Pertambahan jumlah penduduk yang disertai dengan tingginya arus urbanisasi ke
perkotaan menyebabkan semakin tingginya produksi volume sampah yang harus
dikelola pada area perkotaan. Permasalahan pengelolaan sampah kerap kali menjadi
permasalahan perkotaan di Indonesia. Salah satunya di TPA Suwung yang
merupakan TPA Regional Sarbagita. Terletak di kawasan strategis pariwisata Bali,
permasalahan di TPA Suwung mempengaruhi citra lingkungan dan pariwisata.

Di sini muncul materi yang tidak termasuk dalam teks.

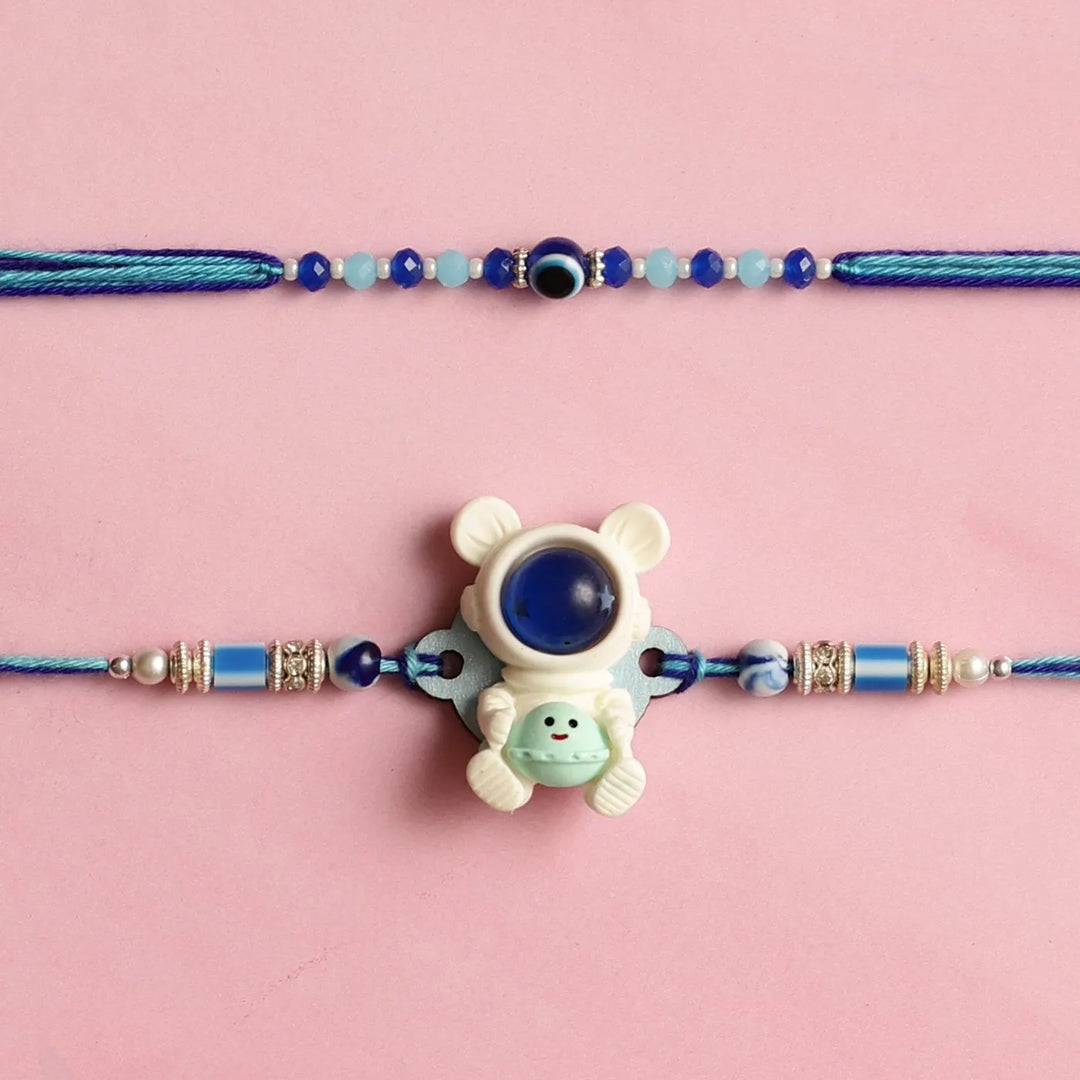 Handmade Astronaut & Evil Eye Kids Rakhi With Roli Chawal | Set Of 2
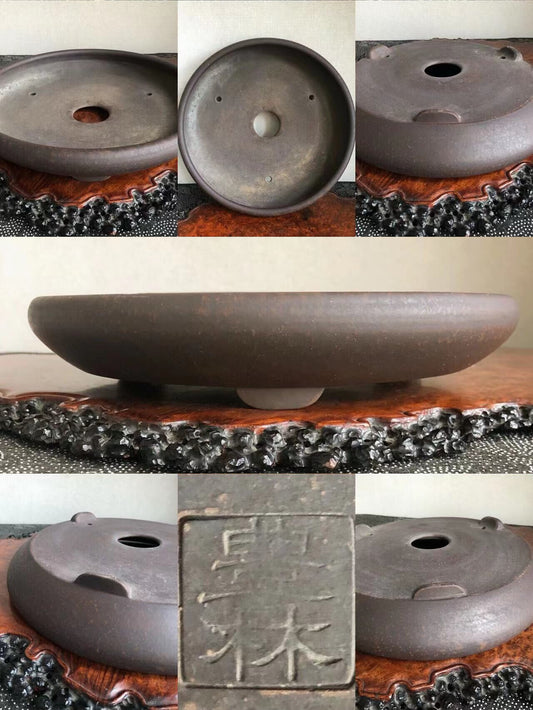 Dark brown glazed ceramic bonsai pot base with three drainage holes and a carved seal.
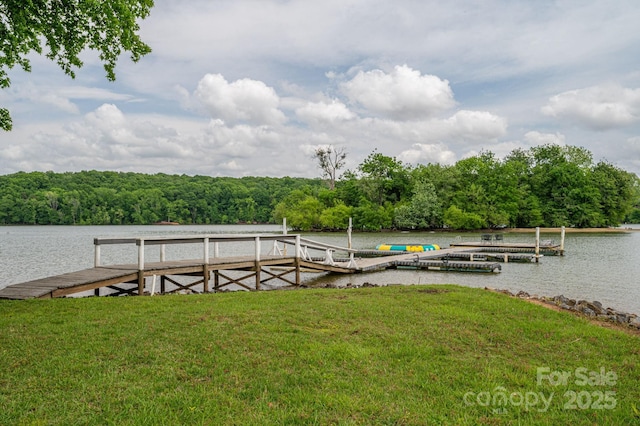 view of dock featuring a lawn, a water view, and a forest view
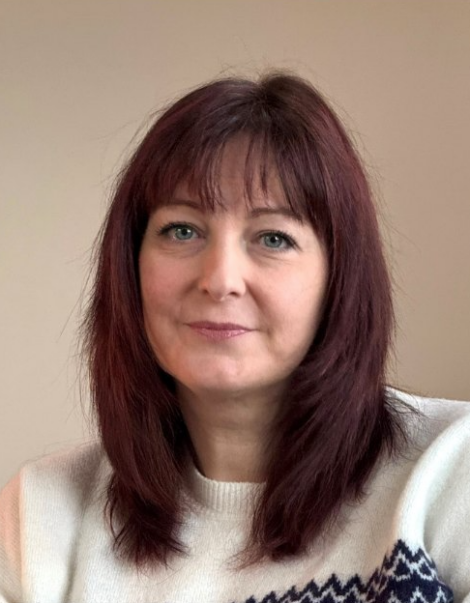 A woman with shoulder-length red hair and a white patterned sweater sits against a neutral background, looking at the camera.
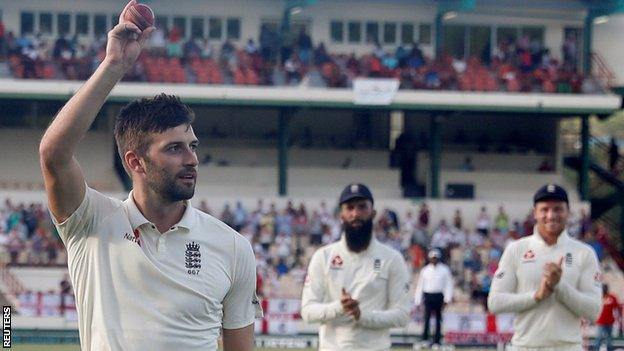 Mark Wood celebrates as he leaves the field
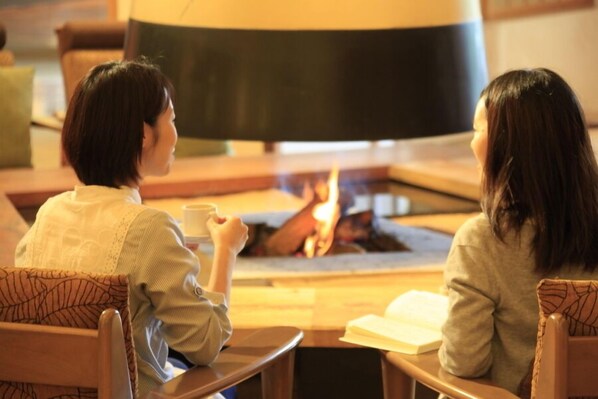 Two people sitting at a table with a fireplace in the background.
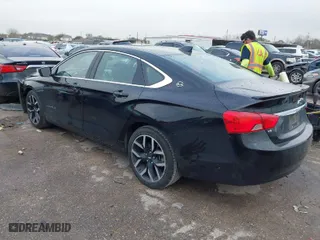 2018 Chevrolet Impala LT with VIN 2G1105S39J9143893, listed as a IAAI auction lot 41707099 with 98,926 mi miles. Bid and sale history available at carsss.com. Image 3.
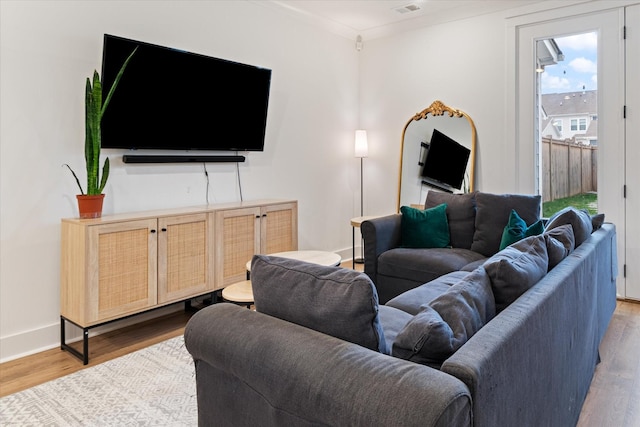 living area with visible vents, baseboards, and wood finished floors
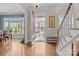 Elegant foyer with hardwood floors, staircase, and a view through the front door of the landscaped front yard at 21812 Chapel Way # 20, Cornelius, NC 28031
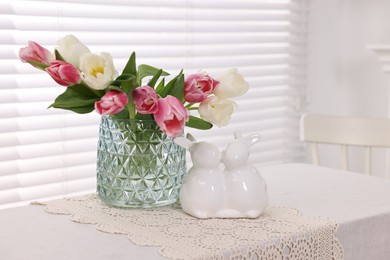 Easter decorations. Bouquet of tulips in vase and bunny figures on white table at home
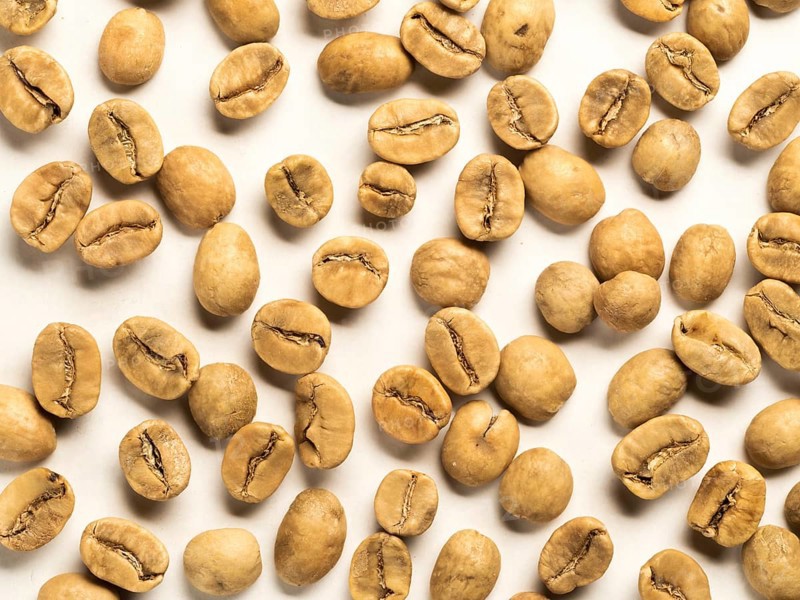 Top view of white coffee beans on white background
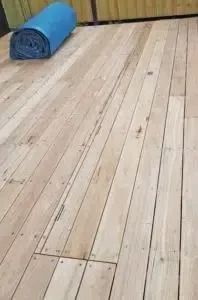 Light-colored wooden floor with a rolled-up blue mat in the background.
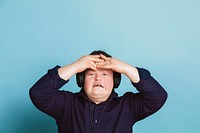 Cool young man with Down Syndrome listening to a sport podcast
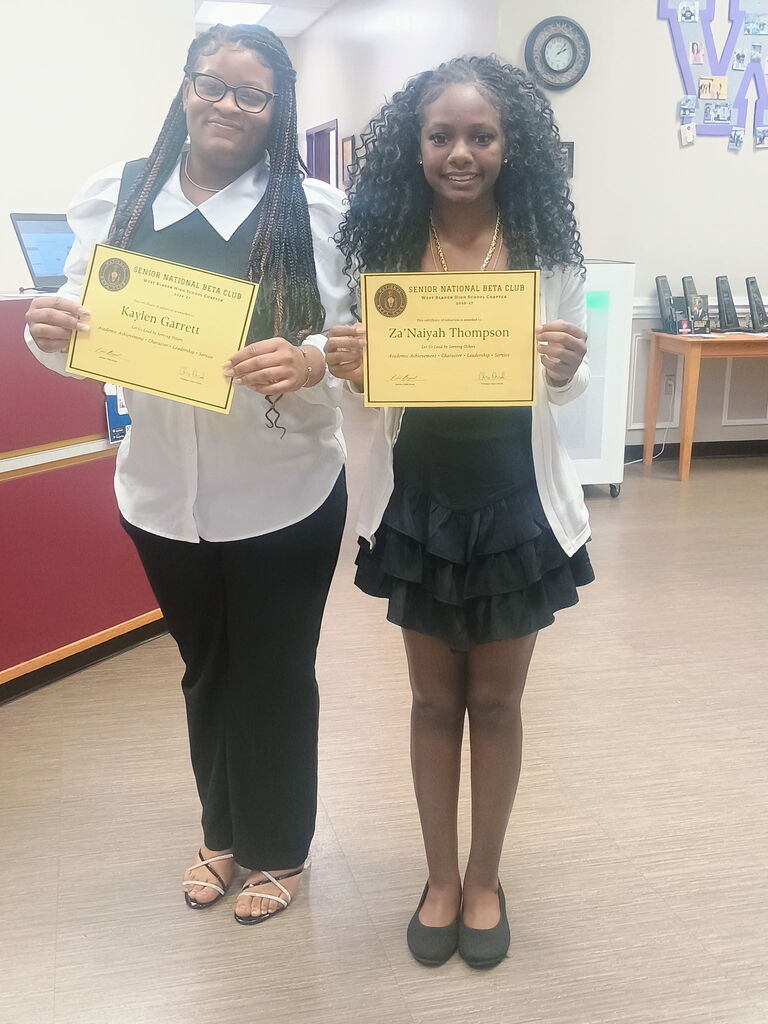 Two young ladies holding certificates. 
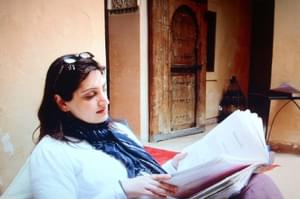 Unaiza Karim is sitting in a chair, reading a book. Unaiza has long brown hair and has glasses on top of their head.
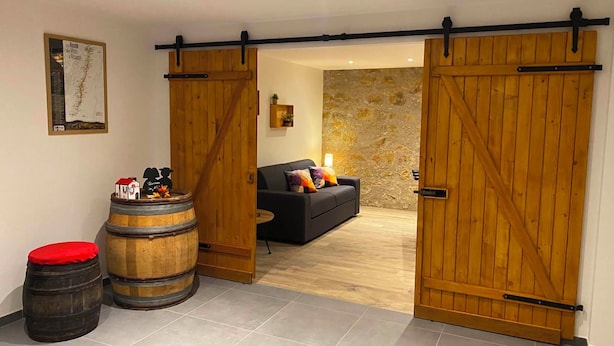 Um quarto com um sofá preto, barris de madeira e uma parede de pedra.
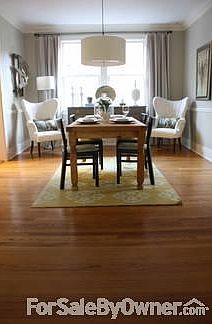 Dining Room - 1
						:
						Large dining room with drum pendant, neutral drapes, large window.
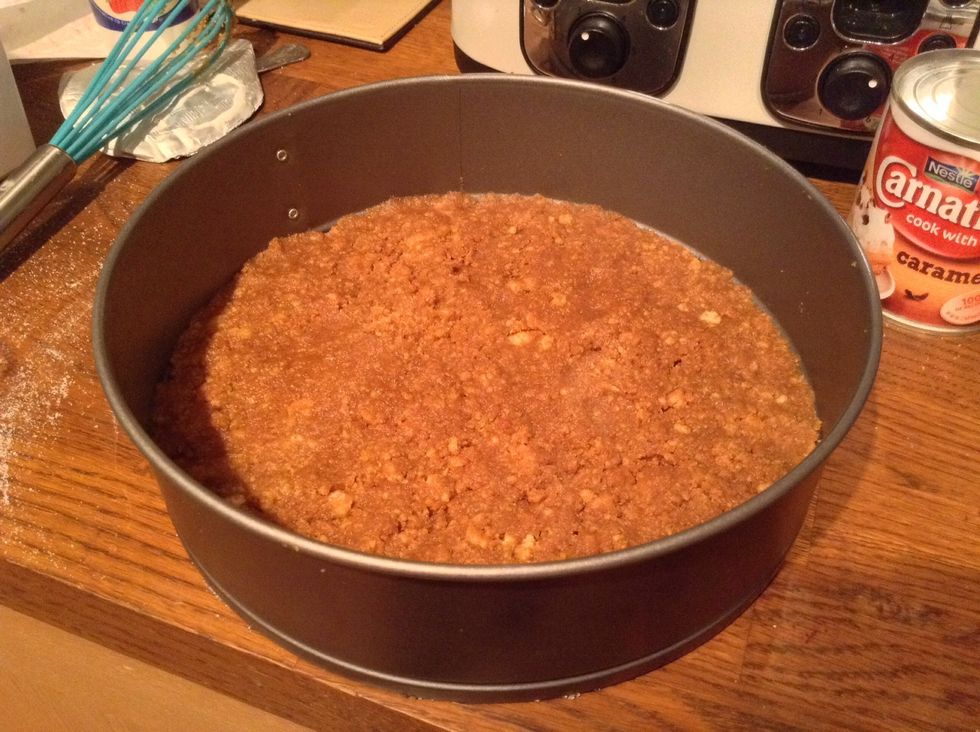 Pour the biscuit mixture into the tin and press down evenly. Make sure you chill the base for 30 mins so it hardens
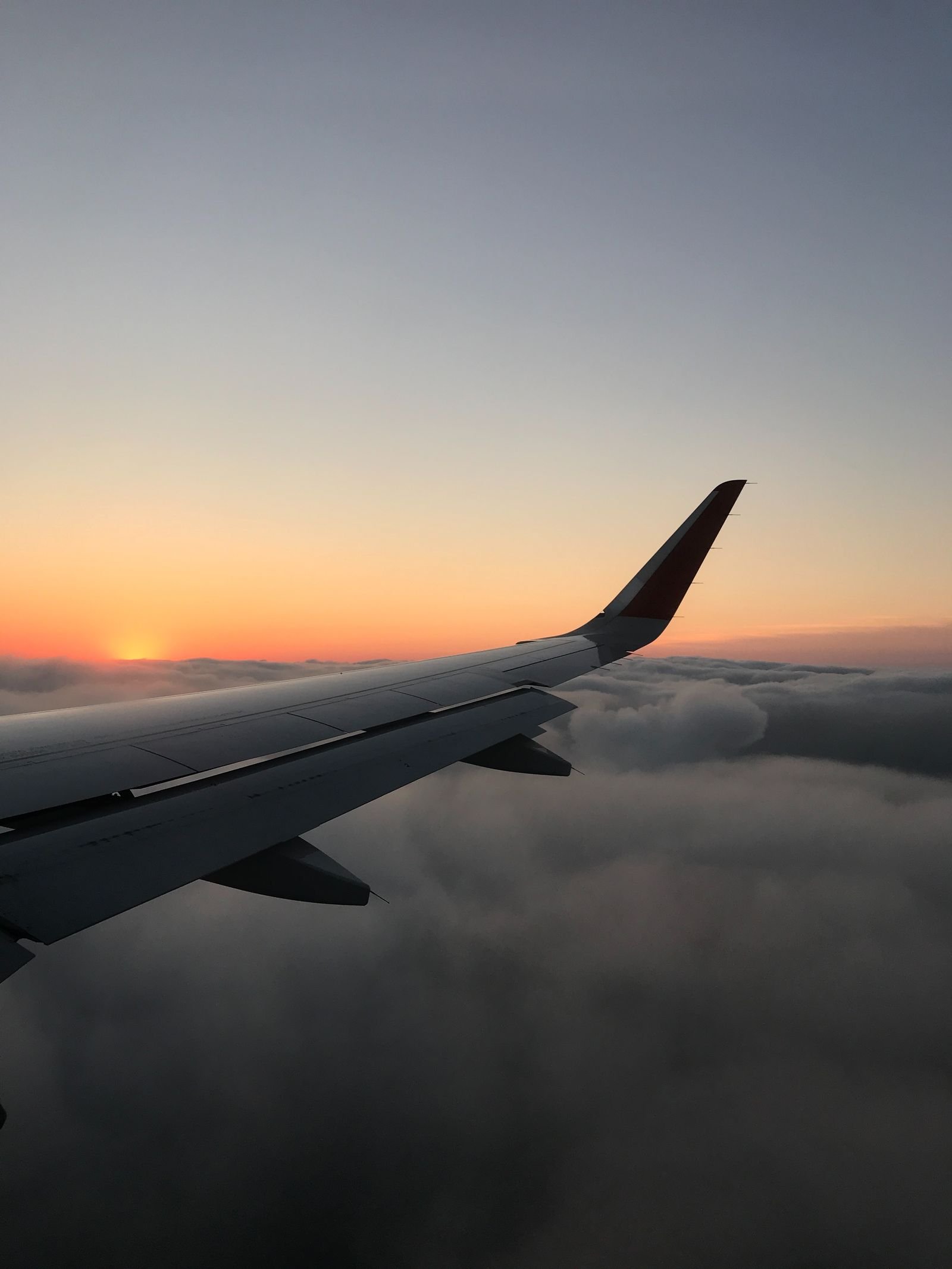 Airplane wing above the clouds at sunset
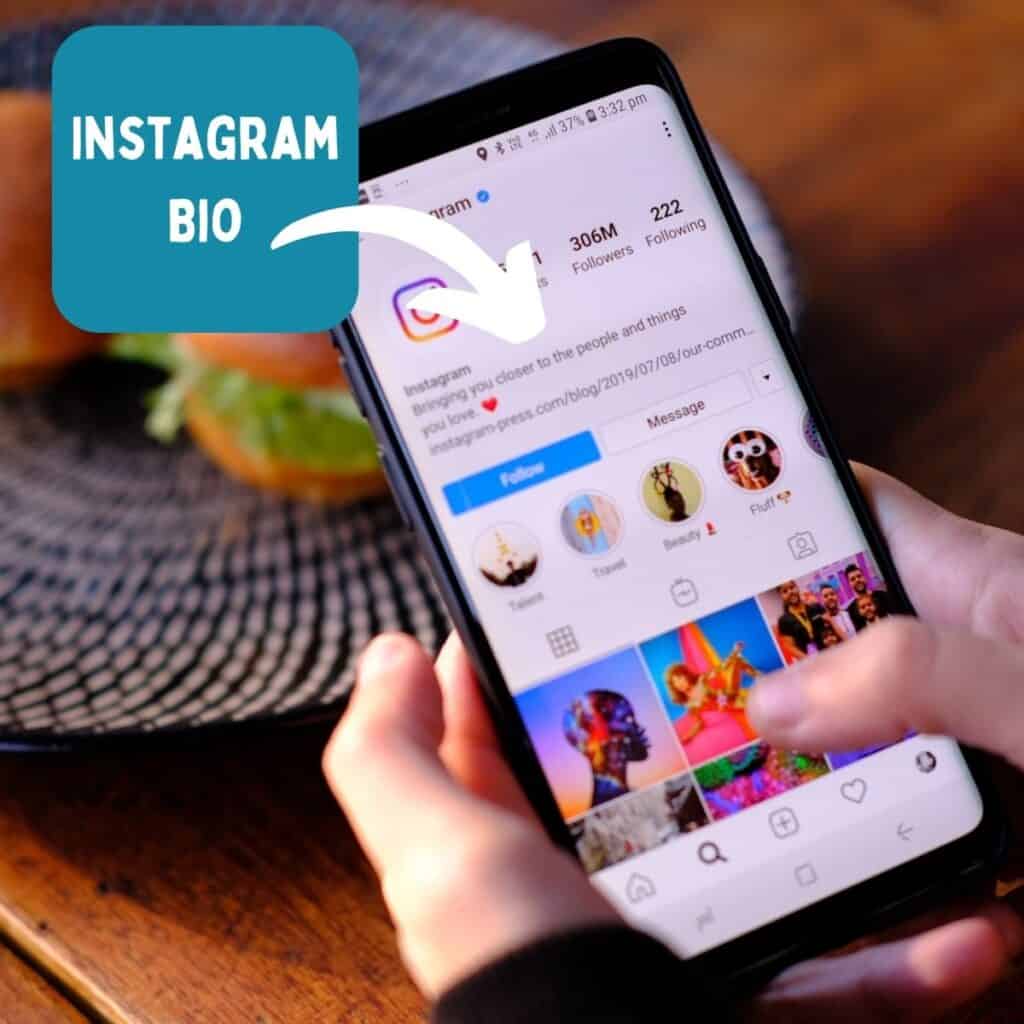 A picture on a phone being held by a person with a close up of an Instagram account showing where your Instagram bio should go.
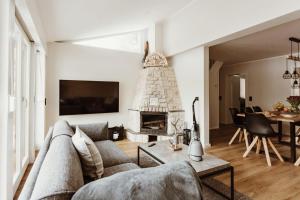 a living room with a couch and a fireplace at Harzchalet Brockenbahn 2B in Elend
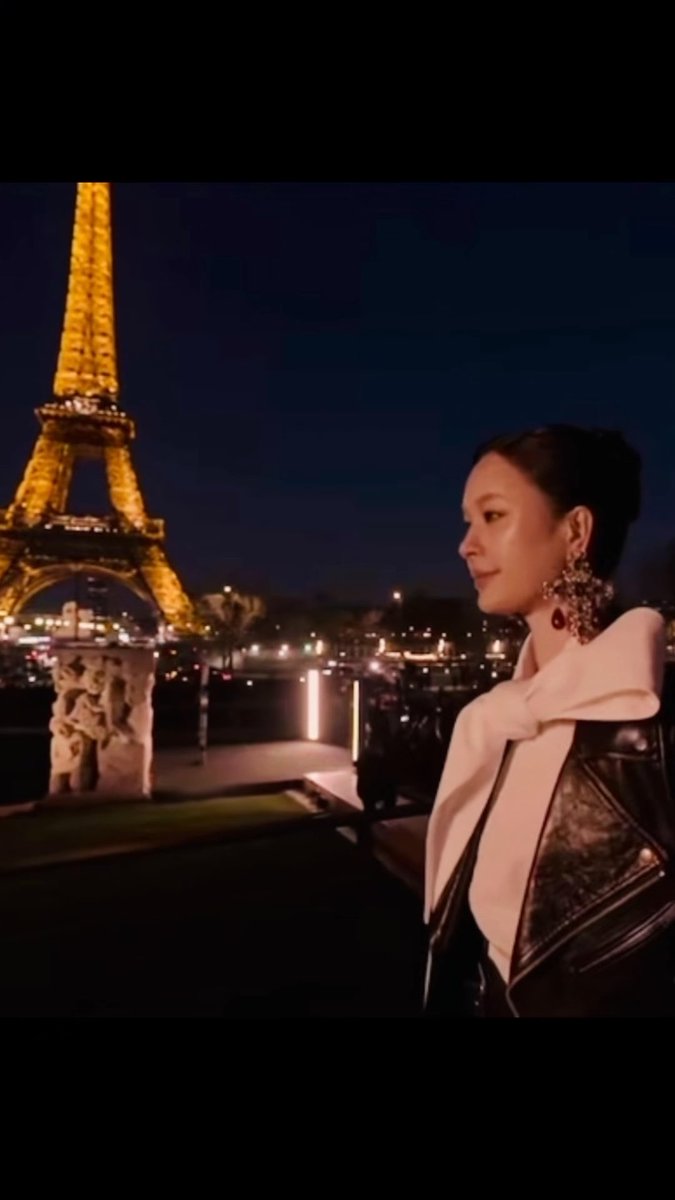 A woman with dark hair, wearing a light scarf and dark leather jacket with large earrings, stands with the illuminated Eiffel Tower in the background at night.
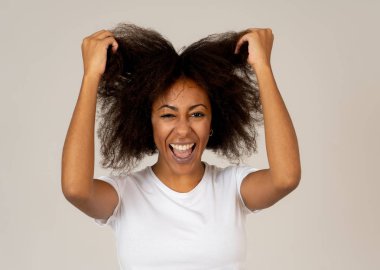 Mutlu yüz güzel gülümseme ve afro saçlı çekici Afrikalı Amerikalı kadının yakın portresi. Nötr arka planda izole edilmiş. İnsanlarda, olumlu insan yüz ifadeleri ve duygular.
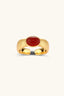 Crimson Crown Ring styled with a rust-toned top, close-up beauty setting
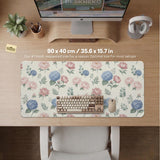 Floral desk mat with sage greenery, pink peonies, blue flowers, and a warm cream background.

Revitalisasi telah dilakukan pada tahun 2017 – 2019 dengan salah satu pekerjaan
berupa penutupan area timbunan bekas TPA menjadi RTH yang diproyeksikan
menjadi ekowisata.
Hasil revitalisasi RTH Bukit Suwung hingga tahun 2021 dalam kondisi terlantar
dan belum dibuka untuk publik. Hal tersebut disebabkan oleh tidak adanya integrasi
RTH dengan kawasan sekitar salah satunya sistem pengelolaan sampah aktif yang
tidak memperhatikan kondisi lingkungan, menyebabkan permasalahan bau dan
visual. Potensi pengembangan sebagai area wisata kota, dengan tujuan yaitu
mendesain kawasan wisata kota berbasis Green Development Concept di bekas
TPA Suwung. Metode yang digunakan dalam perancangan adalah Metode
Synoptic, diawali dengan pengumpulan data dan pengamatan kondisi eksisting
hingga menghasilkan simulasi perancangan. Kawasan perancangan seluas ±82,41
ha dengan pertimbangan tercapainya circular economy dalam kawasan.
Kawasan secara umum dikembangkan menjadi tiga fungsi utama yaitu sebagai area
ISWM, area Tahura, serta Eco-Town. Ketiga fungsi tersebut saling berkaitan
dengan skema pengembangan Urban Ecotourism yang terintegrasi. Fungsi guna
lahan yang dikembangkan dalam kawasan yaitu fungsi perdagangan jasa,
permukiman, fasilitas social, industri, pengelolaan sampah dan Tahura. Penataan
tata ruang kawasan menggunakan konsep lokal Arsitektur Bali. Sistem pengelolaan
sampah yang dilakukan mulai dari proses pemilahan, daur ulang, pengomposan,
insinerasi dan TPA Sampah. Seluruh hasil pengelolaan sampah tersebut dapat
dimanfaatkan dalam kawasan. Salah satu pengembangan yang dilakukan adalah
mendesain RTH Bukit Suwung menjadi Botanical Park dengan pupuk kompos
hasil pengolahan sampah dan air penyiraman dari air olahan lindi. Desain Indoor
Botanical Park dengan struktur Geodesic Dome dan penggunaan lapisan transparan
agar bau tidak sedap tidak mengganggu fungsi publik pada RTH. Pengembangan
dilakukan dengan waktu jangka pendek selama lima tahun dan jangka waktu
panjang selama 15 tahun. Sehingga Urban Ecotourism yang terintegrasi dapat
mensejahterakan dari aspek lingkungan, sosial, dan ekonomi.